在另一份的时务学堂学生笔记的批注中,梁启超还写过这样的文字:“二十四朝,其足当孔子至圣号者无人焉。
间有数霸者生于其间,其余皆民贼也。”
后来,叶德辉、苏舆等人在此条旁加案语曰:“二十四朝之君主,谓之民贼,而独崇一孔子,是孔子之受历代褒崇为从贼矣。”
叶德辉之流虽然无耻到说:“宁可以魏忠贤配享孔庭,使奸人知特豚之足贵,断不可以康有为乱时政,使四境闻鸡犬之不安。”
但是他们看康梁有时还是看得很准,或者说嗅觉很灵,梁启超的确有很明显的“非圣非君”
的思想倾向,抬孔子压君王,最后孔子也只能是摔在地上。
谭嗣同这位豪侠之士比他的同志来得更直截了当,他说:“君也者,为民办事者也;臣也者,助办民事者也。”
就像乡下乡社赛会,必须找一个人总领其事一样,如果不称职,就得换掉。
又说:“君亦一民也,且较之寻常之民而更为末也。
民之于民,无相为死之理;本之与末,更无相为死之理。”
进而更借“学问冠绝地球”
的法国人之口,出言曰:“誓杀尽天下君主,使流血满地,以泄万民之恨。”
中国的文人,大概说的和做的总难达成一致。
康有为后来的学生总是感到疑惑,不知为何老师推崇民主却要保皇,倡言男女平等却又要左一个右一个地纳妾。
其实,梁启超与谭嗣同也未尝不如此,不过性质稍有不同。
有英雄豪气的谭嗣同断不会作出不英雄的事来。
谭嗣同和梁启超对君主一无好感,甚至还相当嫌恶,可到了变法实践中,他们可以说都对光绪很忠诚,尤其是谭嗣同,进京之后入值军机,杨锐说他最党康有为,然当值尚称安静,说明思想激进的他处理现实问题时很冷静,也很能替光绪着想。
政变的危难之际,他首先想到的是纠合江湖侠士营救光绪,最后能逃而不逃,从容赴义,虽然本意并非“以死殉主”
,而是要以他的血来唤醒世人,但在形式上却很像是“主危臣死”
古之忠臣义士(维新派后来也就是这样推崇他的,甚至还编造出他如何如何地“孝”
,事先准备好与父的绝交信,以便洗清父嫌的故事)。
现实的策略考虑(还有感情因素)使他们不能不从理论口号的高处走下来,从现实出发设计他们的行动方案,对君主的态度如此,对民权的鼓吹也是如此。
当他们发现他们面对的是受几千年愚民政策毒化,知识水平低下的一般老百姓时,当他们发现这些老百姓对他们救国为民的变法举动根本不理解甚至误解时,他们就不再迷恋于兴民权的种种“益处”
了。
至少维新派在湖南的社会改革运动在民众中的命运“教训”
了梁启超他们,他们意识到了兴民权必须有个程序的问题,兴民权必须先开民智。
首先要提高民众的文化水平,其次还要灌输西方近代政治常识,否则不会选举不会开会,不知义务不明责任,民权根本就兴不起来。
梁启超到了时务学堂当总教习后曾对陈宝箴讲:“今之策中国者,必曰兴民权,兴民权斯固然也矣,然民权非旦夕而成也,权者生于智也,有一分之智,即有一分之权;有六七分之智,即有六七分之权;有十分之智,即有十分之权。
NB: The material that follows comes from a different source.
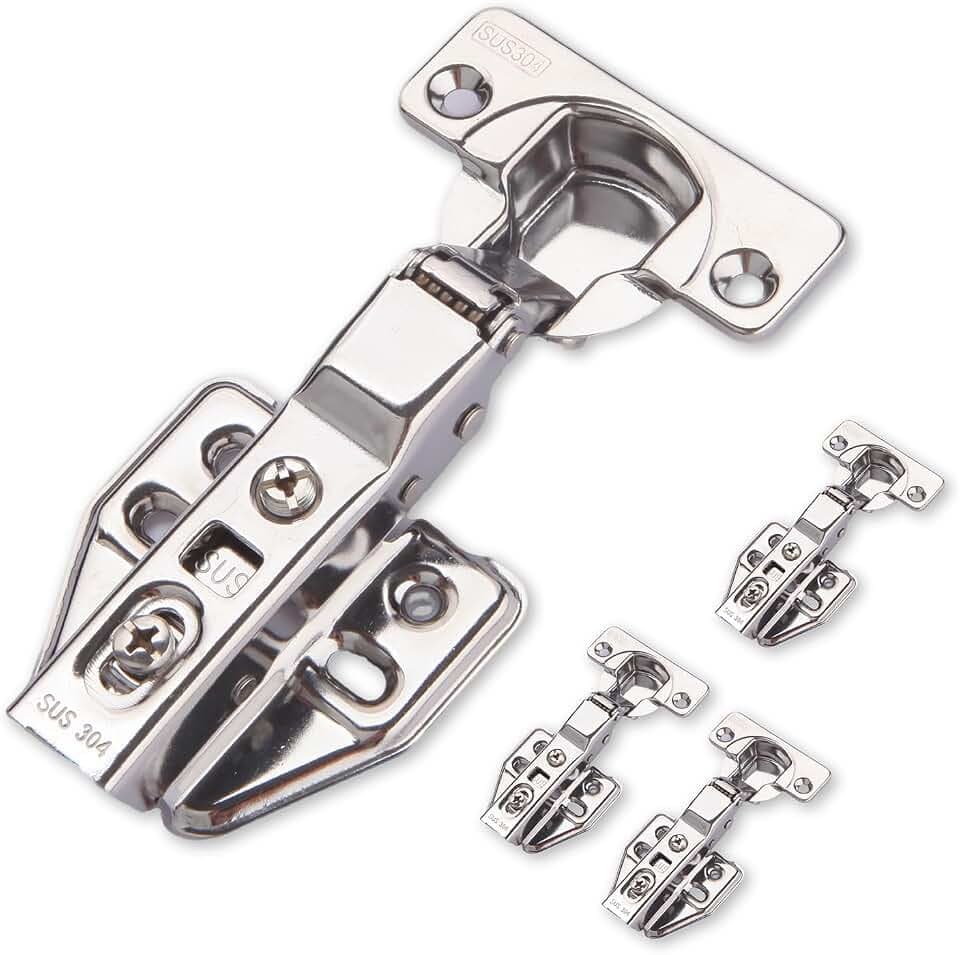 Soft Close Cabinet Hinge, Concealed European Style, Adjustable Metal Hardware, Silver (Half Overlay, 4)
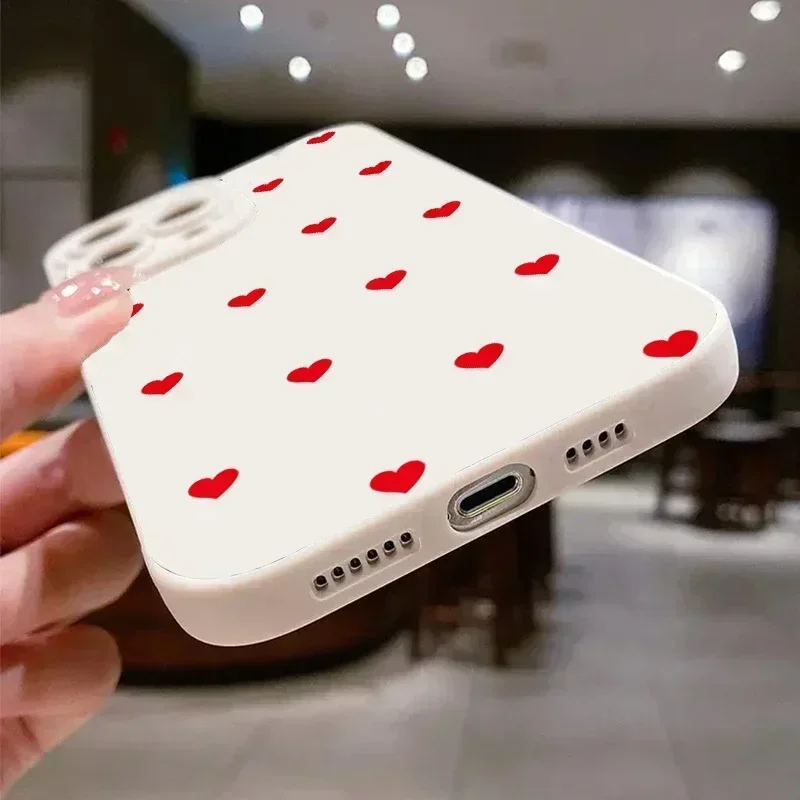 Funda de silicona suave a prueba de golpes para iPhone, carcasa bonita de dibujos animados, corazón de amor rojo, 15, 14, 13, 12, 11 Pro Max, XS, XR, X, 7, 8 Plus, SE, 2022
”
这种说法像他们热衷的社会达尔文主义一样,往往会导致西方统治东方的殖民逻辑,但是那个时候的他们,看问题往往就像他们仅有的数学常识欧几里德几何学(这是最早引进中国的西学)一样,是平面直线运动,再加上根深蒂固的英雄史观作怪,很轻易地就借民智不开的大棒,打掉了一般老百姓的民主权利。